Personal information
- Nationality: Japanese
- Born: July 31, 1914 Yamaguchi, Japan
- Died: January 19, 2021 (aged 106)

= Mieko Nagaoka =

Japanese swimmer (1914–2021)

Mieko Nagaoka (長岡三重子, Nagaoka Mieko) was a Japanese Masters athlete. She was the first 100-year-old to complete a 1,500m freestyle swim in a 25m pool. At the age of 106, she was Japan's oldest active swimmer.

==Early life==
Mieko Nagaoka was born on 31 July 1914 in Yamaguchi, Japan just days after the start of World War I. She started swimming at 80 years old to recover from a knee injury. In the beginning, Nagaoka didn't know how to swim. She used to go in to the swimming pool to do exercises for her knee. At 82, she started to learn how to swim on her own. And because she performed in a Noh (a classical Japanese dancing drama) this was also an incentive for her to learn how to swim so that she could stay in shape for the plays.

==Career==
She achieved national recognition in Japan at age 90 when she established a world record in the 800m freestyle. Fresh from her success, she started training with a coach and took private swimming lessons with aims to improve her record-breaking performance.

Nagaoka was named as one of the 2014 Top 12 World Masters Swimmers of the Year by Swimming World Magazine.

In 2015 she became the first 100-year-old to complete a 1,500m freestyle swim in a 25m pool. She completed the feat in just over 1 hour and 15 minutes, using backstroke all the way.

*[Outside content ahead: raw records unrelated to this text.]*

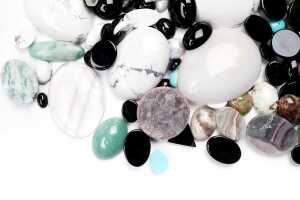 A large collection of cabochon gemstones - 5
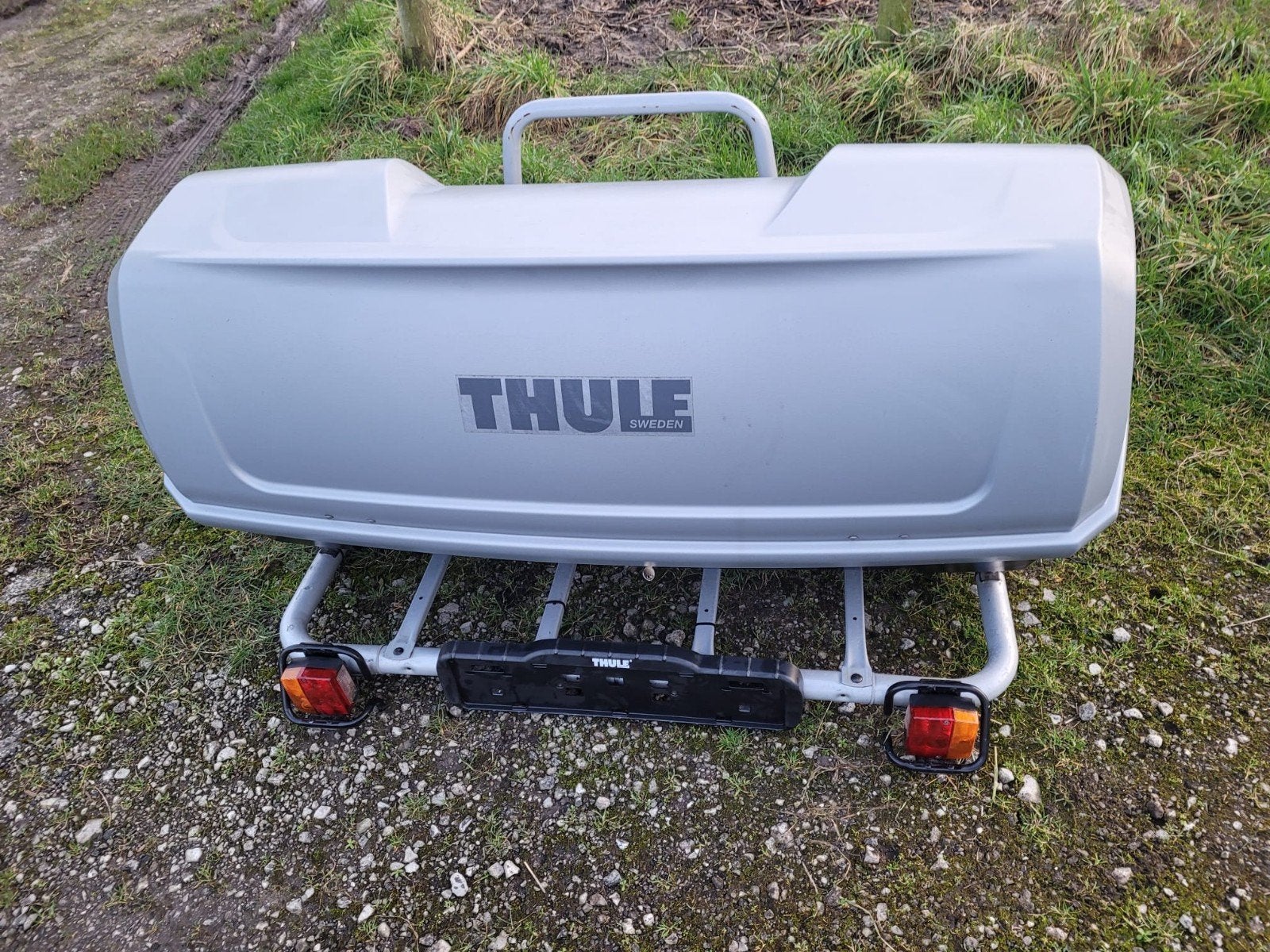 Te koop aangeboden een Robuuste thule trekhaak koffer 900 in, Ophalen, Gebruikt
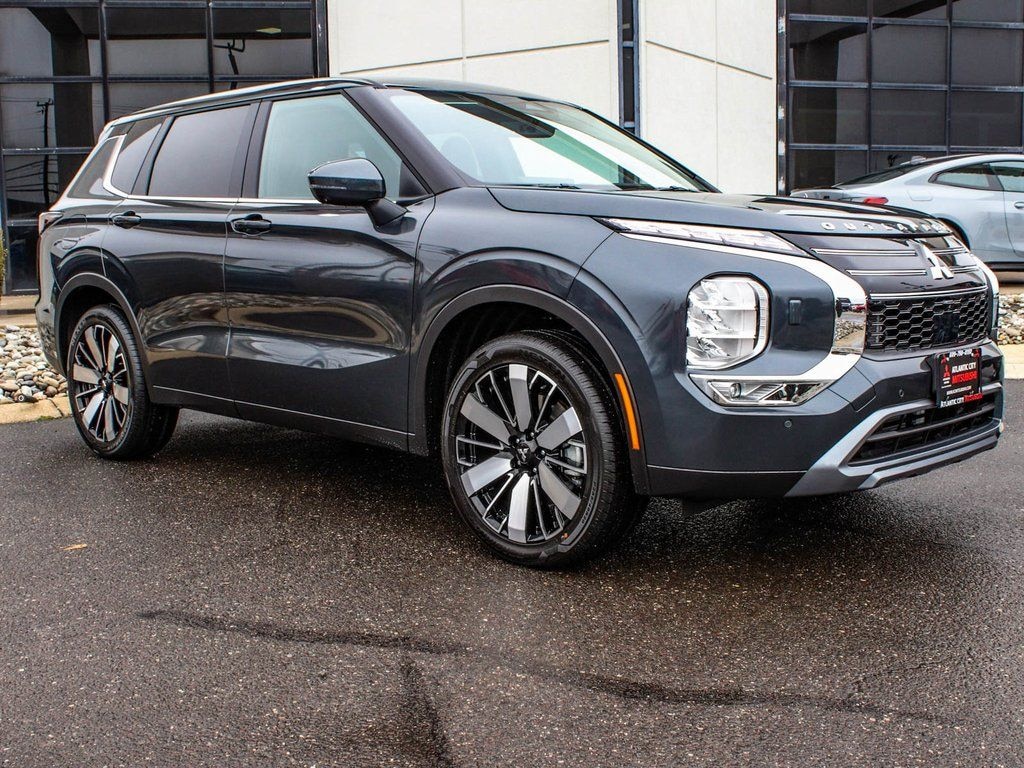 New 2026 Mitsubishi Outlander SE SUV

Nagaoka trained four times a week for two hours under the tutelage of long-time coach Shintaro Sawada. She liked to swim longer distances because she swam slowly and was able to keep her own pace. She told Japan's Kyodo News agency: "I want to swim until I turn 105 if I can live that long."

In 2016 Nagaoka told AFP “I’m fit as a fiddle,”in an interview after completing the 400 metres freestyle in 26 minutes, 16.81 seconds at a Japan Masters Swimming Association competition in Chiba, on the outskirts of Tokyo. “The secret is to eat well and stay active. It’s no good sitting around at my age. I want to keep swimming until I’m 105 – and beyond that,”

In September 2019 Nagaoka announced her intention to compete at the FINA World Masters Championships held later that month despite injuring her knees in April.

==Personal life==
Nagaoka latterly lived alone in Tabuse, Yamaguchi, Japan. After turning 100 in July 2014, she released a book entitled: I'm 100 years old and the world's best active swimmer.

She died from respiratory failure in January 2021 at the age of 106.